_To do_
Reproduce the listing below from the line with "cuba2016baracoa-el-yunque3" to the line with "Stew Hen (Country Chicken)", both lines included, character for character, minus any pictures.

_Task material_
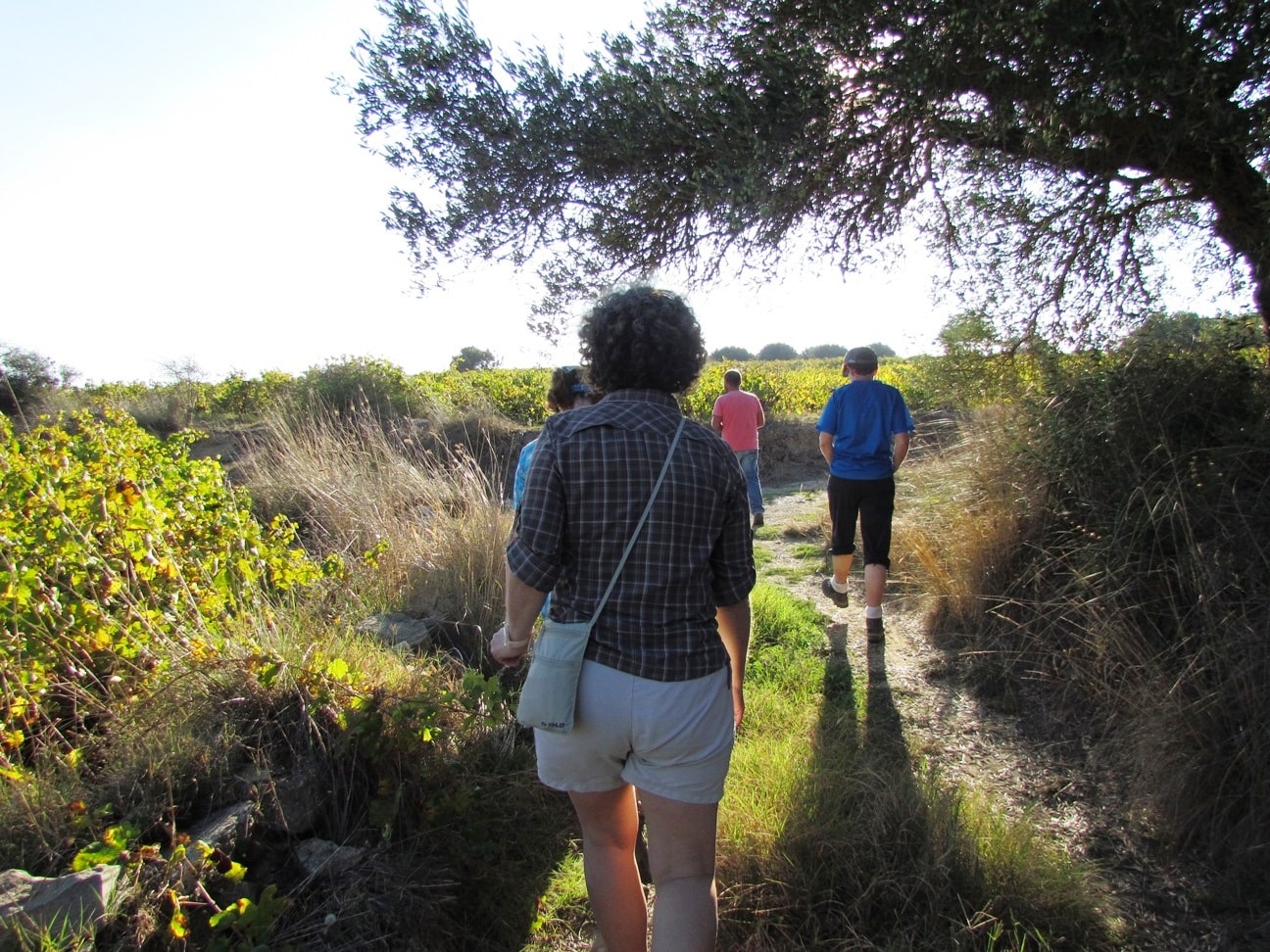 Discover the Wild Herbs of Crete Family Tour kids love greece Sitia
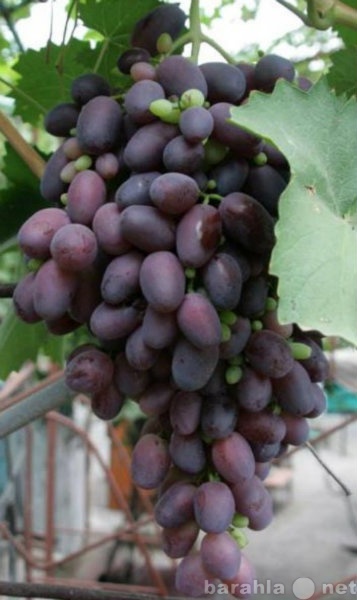 Продам: саженцы и черенки винограда в липецке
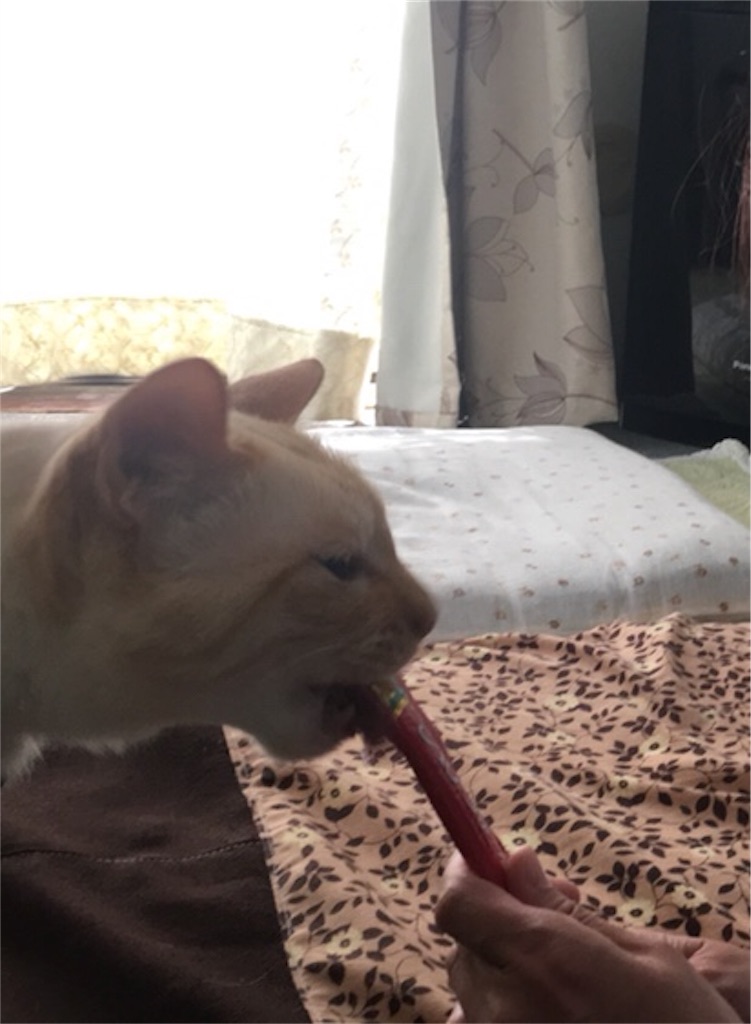 f:id:nekobacafe:20180517121123j:image f:id:nekobacafe:20180517121123j:image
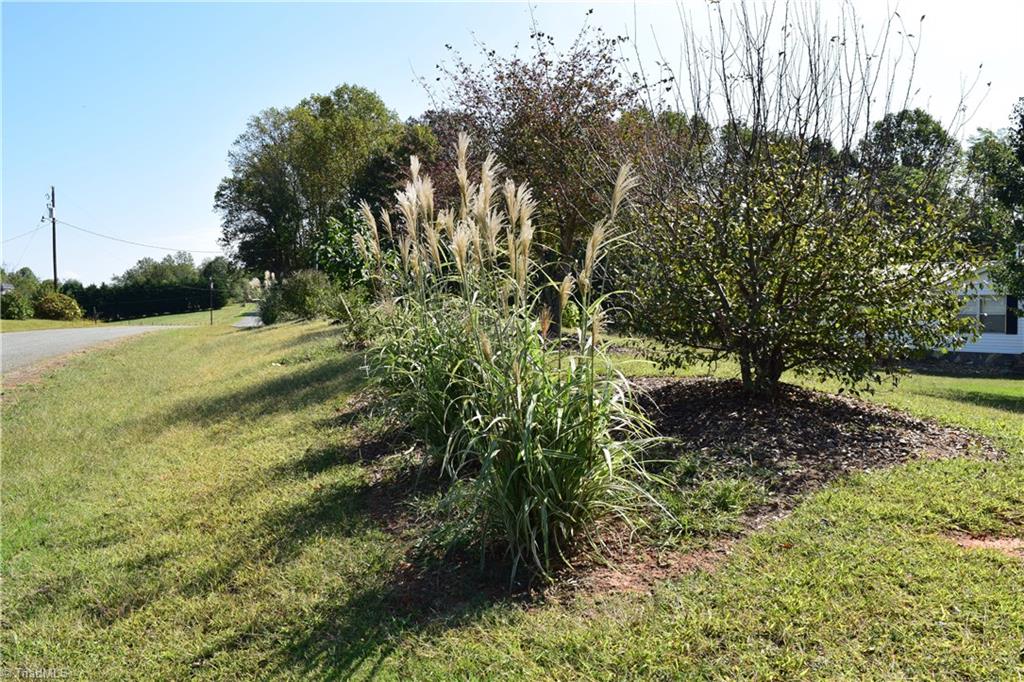 1046 Zeb Mabe Road Danbury, NC 27016 - Photo 21 of 24 Gallery Image 21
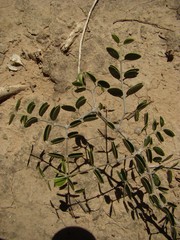 Gonopterodendron sarmientoi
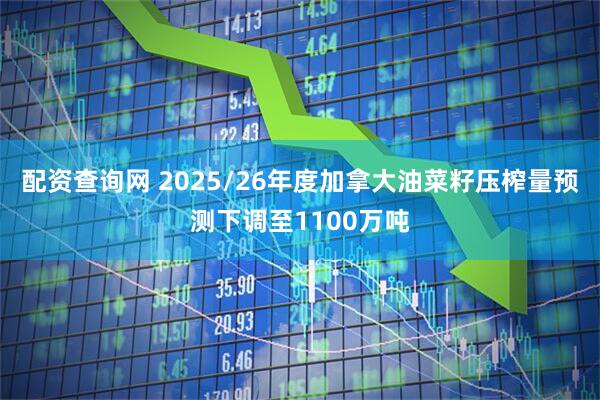 配资查询网 2025/26年度加拿大油菜籽压榨量预测下调至1100万吨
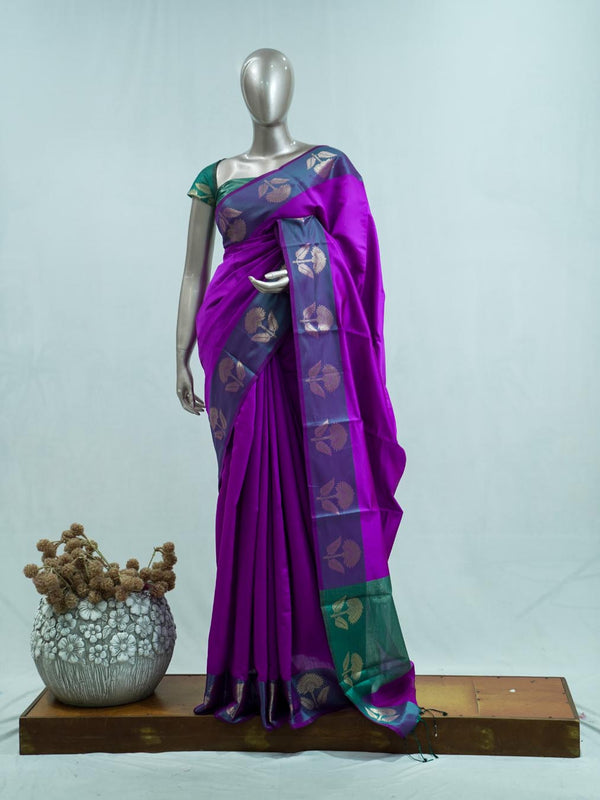 Silk Saree B  SAN5231
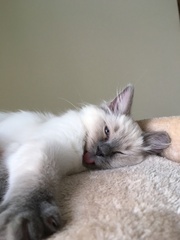 Devastated over the loss of my boy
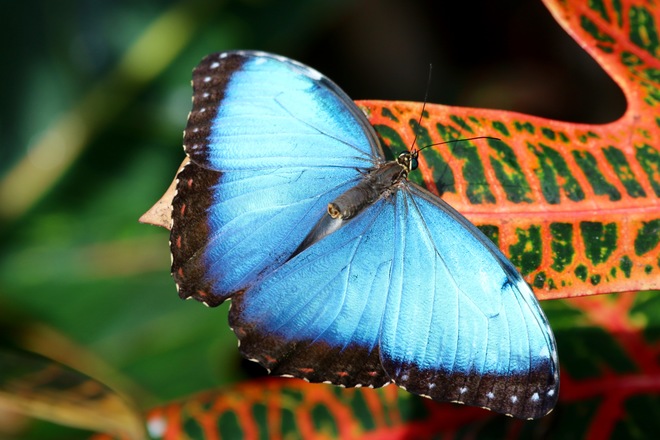 Butterfly wonderland Arizona, United States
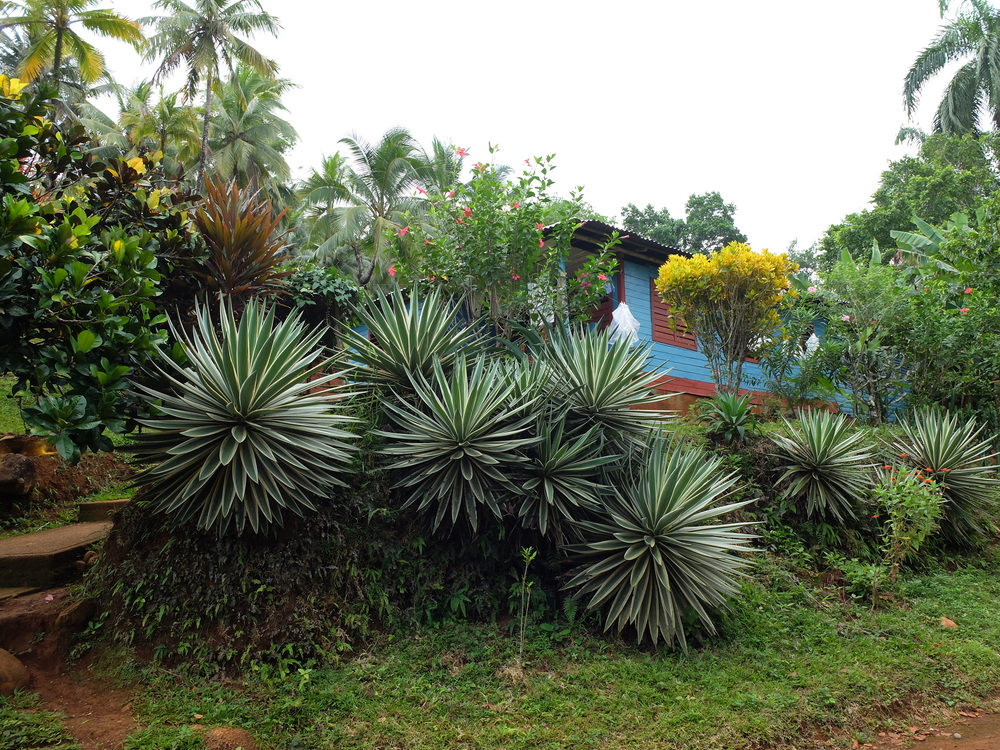 cuba2016baracoa-el-yunque3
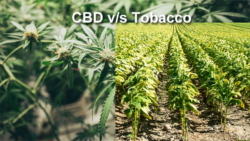 CBD vs. Nicotine: Where Do They Come From and What Do They Do?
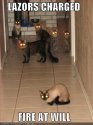 funny-pictures-lasers-charged-cats.jpg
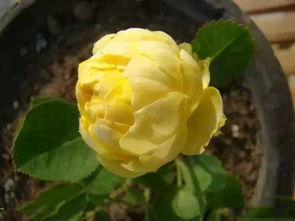 柠檬水月季与黄眼睛月季：日常妆容的搭配之谜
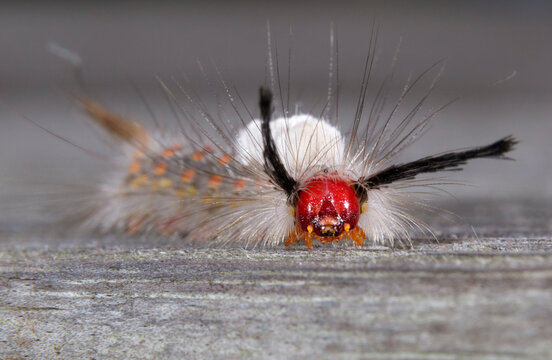 White-marked tussock moth (Orgyia leucostigma) caterpillar, Needville, Texas, USA.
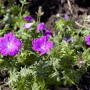 Blutstorchschnabel (Geranium sanguineum) mit leuchtend pinkfarbenen Blüten im 12 cm Topf.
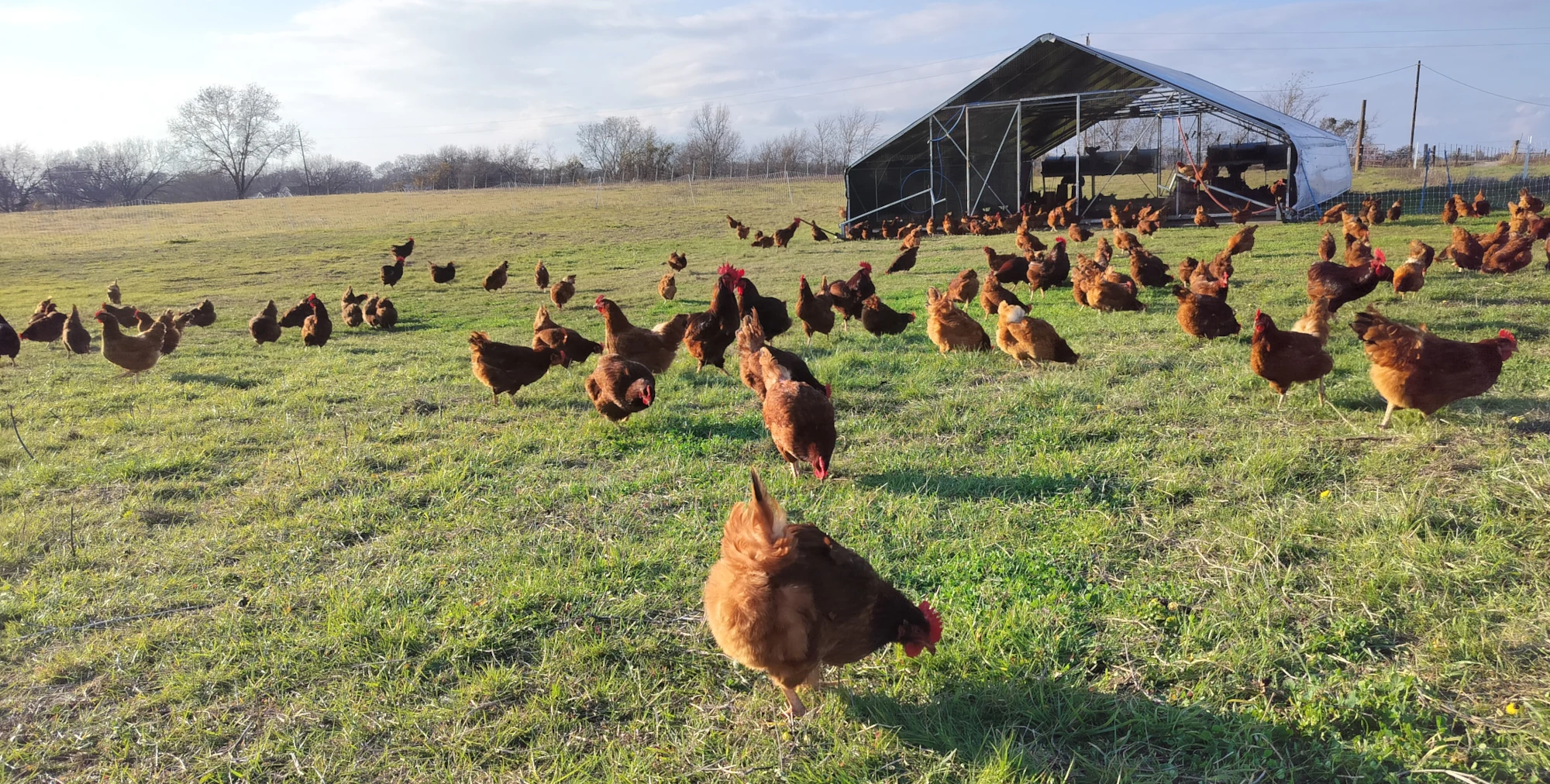 Stew Hen (Country Chicken)
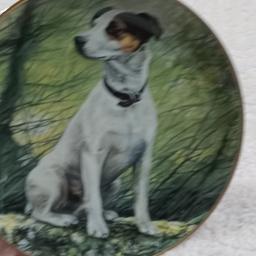 new wall plate porcelain jack Russell alert to the call by mandir haywood 22 ct rimmed plate comes with wall holder on plate to hang it up no box as new must collect walsall no post no courier walsall area smoke free home walsall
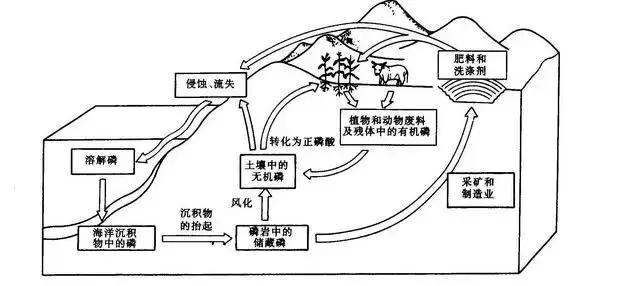 池塘属于什么生态系统,水产养殖生态系统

_Response to the exercise_
 cuba2016baracoa-el-yunque3
 CBD vs. Nicotine: Where Do They Come From and What Do They Do?
 funny-pictures-lasers-charged-cats.jpg
 柠檬水月季与黄眼睛月季：日常妆容的搭配之谜
 White-marked tussock moth (Orgyia leucostigma) caterpillar, Needville, Texas, USA.
 Blutstorchschnabel (Geranium sanguineum) mit leuchtend pinkfarbenen Blüten im 12 cm Topf.
 Stew Hen (Country Chicken)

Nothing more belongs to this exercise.